Enriched by the estates of the dead and the elimination of ‘this heretical crime’, Isabella, confirmed in her belief that Castile was riddled with Judaizing heretics, was enthusiastic. The Seville Inquisition dealt with 16,000 cases, and 2,000 were executed in the first ten years. Isabella then turned to the Muslims.
In 1481, a posse of Islamic Granadan horsemen captured a Castilian town, an embarrassment that accelerated Isabella’s crusade to eliminate the rich but chaotic amirate of Granada. Ferdinand commanded in the field, while Isabella arranged the supplies, financed by her Jewish advisers Samuel Abulafia and Isaac Abravanel.

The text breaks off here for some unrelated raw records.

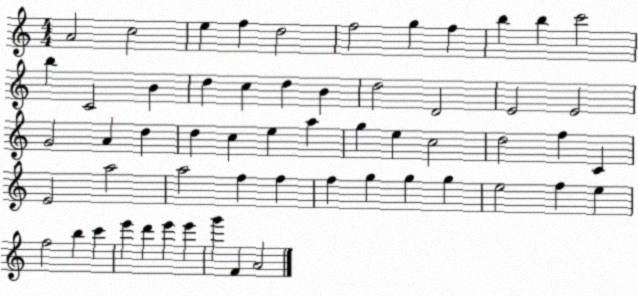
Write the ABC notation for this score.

X:1
T:Untitled
M:4/4
L:1/4
K:C
A2 c2 e f d2 f2 g f b b c'2 b C2 B d c d B d2 D2 E2 E2 G2 A d d c e a g e c2 d2 f C E2 a2 a2 f f f g g g e2 f e f2 b c' e' d' e' e' g' F A2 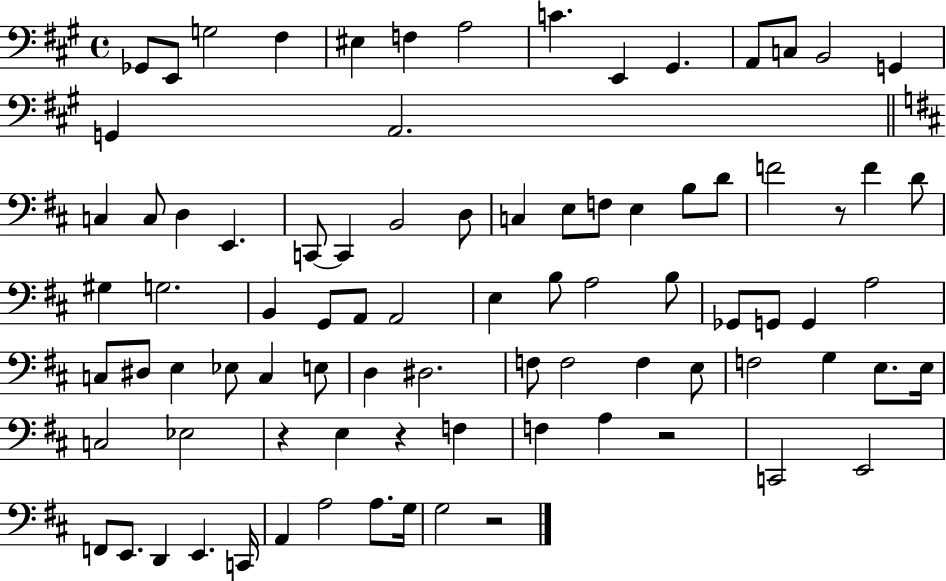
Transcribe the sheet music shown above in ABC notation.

X:1
T:Untitled
M:4/4
L:1/4
K:A
_G,,/2 E,,/2 G,2 ^F, ^E, F, A,2 C E,, ^G,, A,,/2 C,/2 B,,2 G,, G,, A,,2 C, C,/2 D, E,, C,,/2 C,, B,,2 D,/2 C, E,/2 F,/2 E, B,/2 D/2 F2 z/2 F D/2 ^G, G,2 B,, G,,/2 A,,/2 A,,2 E, B,/2 A,2 B,/2 _G,,/2 G,,/2 G,, A,2 C,/2 ^D,/2 E, _E,/2 C, E,/2 D, ^D,2 F,/2 F,2 F, E,/2 F,2 G, E,/2 E,/4 C,2 _E,2 z E, z F, F, A, z2 C,,2 E,,2 F,,/2 E,,/2 D,, E,, C,,/4 A,, A,2 A,/2 G,/4 G,2 z2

On horseback, power-dressed to maximum effect, Isabella delivered provisions to the military camps while overseeing the negotiations that encouraged civil war among the Granadans. In this she was aided by the capture of Amir Muhammad XII who, leaving his son El Infantico Ahmed as a hostage, became their vassal. The Muslims won some skirmishes – ‘I heard what happened with the Moors,’ she wrote. ‘I am greatly displeased’ – and in 1487, while the monarchs were besieging Málaga, a Muslim tried to assassinate them. After he had been killed by Isabella’s guards, the man’s body was catapulted into Málaga. When the city fell, Isabella enslaved everyone, distributing as many as 11,000 slaves. As the war dragged on, the queen in 1489 visited the siege of Baza, where her entourage was joined by a rumpled Genoese sailor who had just arrived in Castile.

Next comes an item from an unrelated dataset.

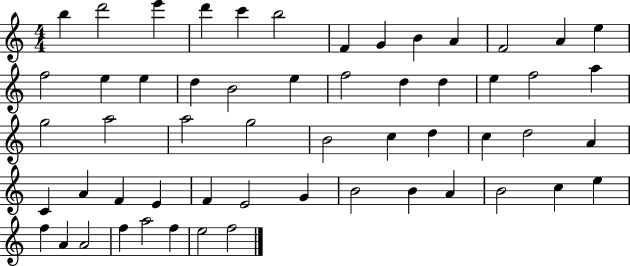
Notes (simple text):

Son of a Genoese weaver, taverner and cheesemonger, Cristóbal Colón – Columbus – had sailed with Genoese traders to England, Iceland and Guinea. A compiler of apocalyptic prophecies and travel books – particularly those of the Bible and Marco Polo respectively – he was visionary, loquacious, insecure, mendacious and shamelessly pushy, but also a tough and enterprising sailor, obsessed like so many, then and now, with the coming end of the world. Columbus was married to Felipa Perestrello, daughter of the late Madeiran potentate, who had shown him family papers suggesting the possibility of western access to the Indies – and given him an entrée to the Portuguese court.
Columbus presented the vigorous new king, João II, Isabella’s cousin, with his vision of a world-changing voyage.
THE
João was a good fit for Columbus: as great-nephew of the Navigator, he had accompanied his father Afonso the African on his conquests. Inheriting an overextended crown aged twenty-six, betrayed by overmighty grandees, he beheaded one cousin, the duke of Braganza, and invited another, the duke of Viseu, to his chamber for ‘an act of private justice’: there he personally gutted Viseu before killing all his associates. No wonder Isabella always called him El Hombre; for the Portuguese he was O Príncipe Perfeito.

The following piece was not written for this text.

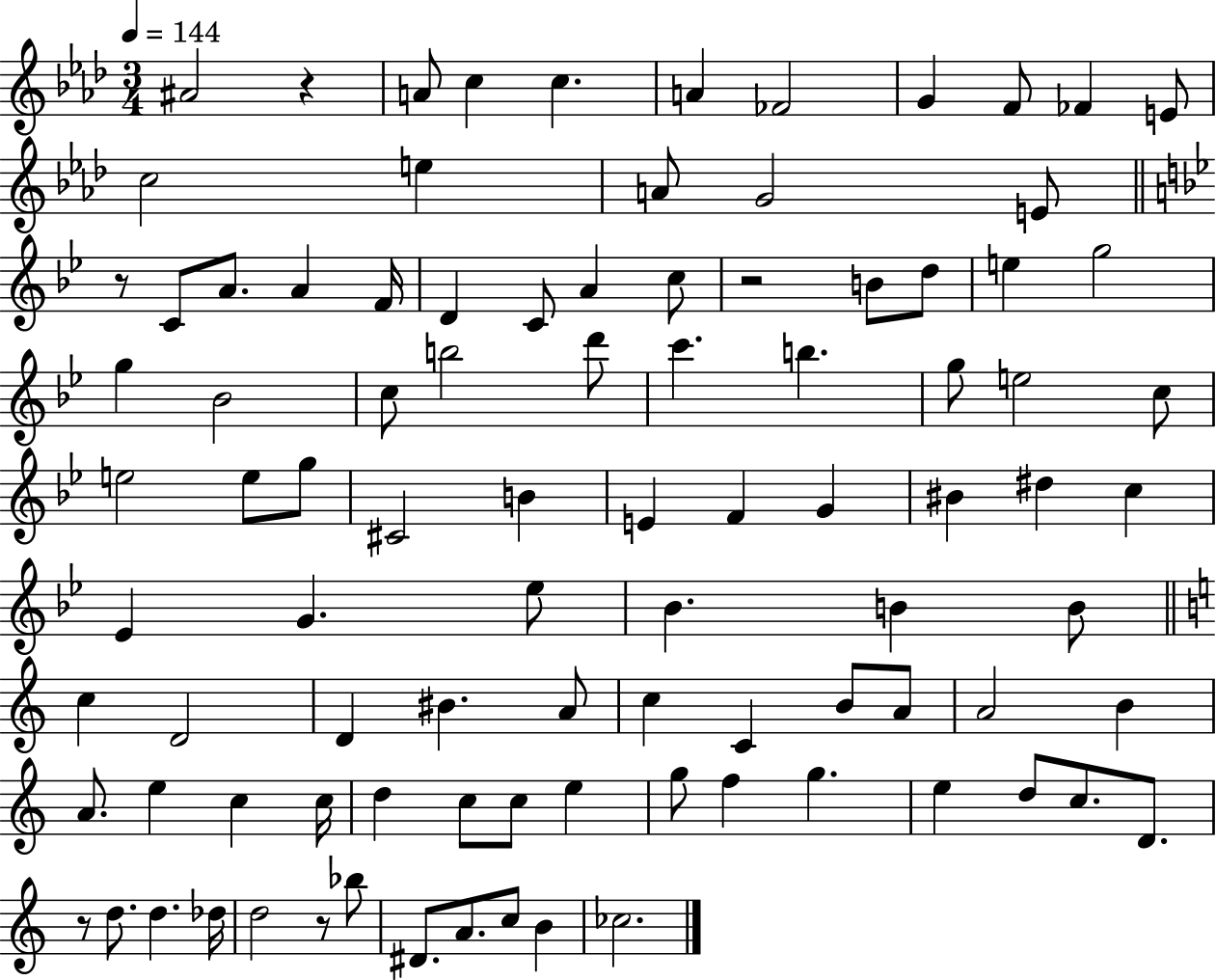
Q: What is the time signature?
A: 3/4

In 1482, he built a castle on the Gold Coast, São Jorge da Mina (The Mine, still standing), as a base for the gold trade which now provided a quarter of royal revenue.* Around 8,000 ounces of gold a year were sent to Lisbon, rising to 25,000. The Portuguese inserted themselves into the local slave trade, buying around 500 slaves a year from Oba Ewuare’s Benin. Some were sold through Elmina or Cape Verde to Akan kings of Denkyira, who used them as porters and labourers; others were sold to Europeans to work on São Tomé, Madeira and Canaria.